Start of Block

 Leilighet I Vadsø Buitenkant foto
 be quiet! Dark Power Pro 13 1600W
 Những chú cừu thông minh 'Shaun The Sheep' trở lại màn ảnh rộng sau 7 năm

End of Block

TASK DIRECTIONS: Type the data again exactly. Leave nothing out.

SOLUTION FOR THIS EXERCISE:
 Leilighet I Vadsø Buitenkant foto
 be quiet! Dark Power Pro 13 1600W
 Những chú cừu thông minh 'Shaun The Sheep' trở lại màn ảnh rộng sau 7 năm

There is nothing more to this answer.